(Data shown Opens)
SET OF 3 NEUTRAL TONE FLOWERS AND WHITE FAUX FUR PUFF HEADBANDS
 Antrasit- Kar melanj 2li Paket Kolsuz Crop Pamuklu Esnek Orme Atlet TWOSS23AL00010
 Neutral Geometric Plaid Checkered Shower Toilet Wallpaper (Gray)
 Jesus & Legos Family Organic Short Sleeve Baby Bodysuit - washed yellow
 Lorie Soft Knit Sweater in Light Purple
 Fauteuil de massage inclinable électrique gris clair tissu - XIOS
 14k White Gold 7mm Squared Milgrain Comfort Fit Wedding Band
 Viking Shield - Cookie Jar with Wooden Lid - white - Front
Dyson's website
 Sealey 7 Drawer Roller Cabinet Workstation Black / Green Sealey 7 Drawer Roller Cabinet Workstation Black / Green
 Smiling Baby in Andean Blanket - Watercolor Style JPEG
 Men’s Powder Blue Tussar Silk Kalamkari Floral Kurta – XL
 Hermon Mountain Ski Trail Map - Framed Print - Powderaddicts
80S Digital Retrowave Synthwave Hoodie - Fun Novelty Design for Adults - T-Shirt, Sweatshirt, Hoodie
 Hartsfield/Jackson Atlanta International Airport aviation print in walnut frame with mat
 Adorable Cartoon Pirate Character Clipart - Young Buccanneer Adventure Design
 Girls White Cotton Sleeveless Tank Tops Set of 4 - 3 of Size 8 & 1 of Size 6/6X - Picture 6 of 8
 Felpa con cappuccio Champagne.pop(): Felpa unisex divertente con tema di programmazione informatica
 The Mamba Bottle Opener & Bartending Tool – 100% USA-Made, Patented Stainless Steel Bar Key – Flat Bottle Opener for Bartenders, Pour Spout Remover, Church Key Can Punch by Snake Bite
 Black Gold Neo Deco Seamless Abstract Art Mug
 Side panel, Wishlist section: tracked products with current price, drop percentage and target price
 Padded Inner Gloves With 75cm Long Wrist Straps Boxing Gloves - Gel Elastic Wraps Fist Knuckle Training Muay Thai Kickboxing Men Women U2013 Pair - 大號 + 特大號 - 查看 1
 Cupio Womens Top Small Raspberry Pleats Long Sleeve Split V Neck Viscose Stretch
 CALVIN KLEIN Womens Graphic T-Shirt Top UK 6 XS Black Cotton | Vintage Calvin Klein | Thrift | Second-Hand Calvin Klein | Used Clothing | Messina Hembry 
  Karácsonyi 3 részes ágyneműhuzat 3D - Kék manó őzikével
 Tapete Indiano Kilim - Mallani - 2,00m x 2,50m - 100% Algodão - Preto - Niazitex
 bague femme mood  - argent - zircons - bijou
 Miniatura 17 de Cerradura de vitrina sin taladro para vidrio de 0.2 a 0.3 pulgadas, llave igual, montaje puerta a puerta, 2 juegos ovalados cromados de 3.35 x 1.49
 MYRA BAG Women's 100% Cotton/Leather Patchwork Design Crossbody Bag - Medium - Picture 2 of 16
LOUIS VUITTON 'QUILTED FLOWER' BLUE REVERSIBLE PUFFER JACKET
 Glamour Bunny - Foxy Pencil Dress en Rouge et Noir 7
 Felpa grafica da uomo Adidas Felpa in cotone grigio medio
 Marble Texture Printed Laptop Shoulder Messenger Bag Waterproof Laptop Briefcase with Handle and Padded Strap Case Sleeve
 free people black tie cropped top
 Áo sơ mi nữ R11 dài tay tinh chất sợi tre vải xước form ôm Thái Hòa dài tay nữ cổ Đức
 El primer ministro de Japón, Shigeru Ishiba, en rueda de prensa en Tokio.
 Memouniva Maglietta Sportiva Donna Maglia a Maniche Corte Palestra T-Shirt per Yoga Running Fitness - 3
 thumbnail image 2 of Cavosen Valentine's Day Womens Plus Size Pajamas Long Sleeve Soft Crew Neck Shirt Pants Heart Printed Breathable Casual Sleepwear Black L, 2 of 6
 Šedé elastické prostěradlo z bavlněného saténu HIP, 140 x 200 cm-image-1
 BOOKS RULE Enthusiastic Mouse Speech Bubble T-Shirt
(Data shown Closes)
• [What the exercise asks]:
Above are the lines; repeat exactly the ones from the line containing "bague femme mood" down to the line containing "Miniatura 17 de", both inclusive.

• [Task answer]:
 bague femme mood  - argent - zircons - bijou
 Miniatura 17 de Cerradura de vitrina sin taladro para vidrio de 0.2 a 0.3 pulgadas, llave igual, montaje puerta a puerta, 2 juegos ovalados cromados de 3.35 x 1.49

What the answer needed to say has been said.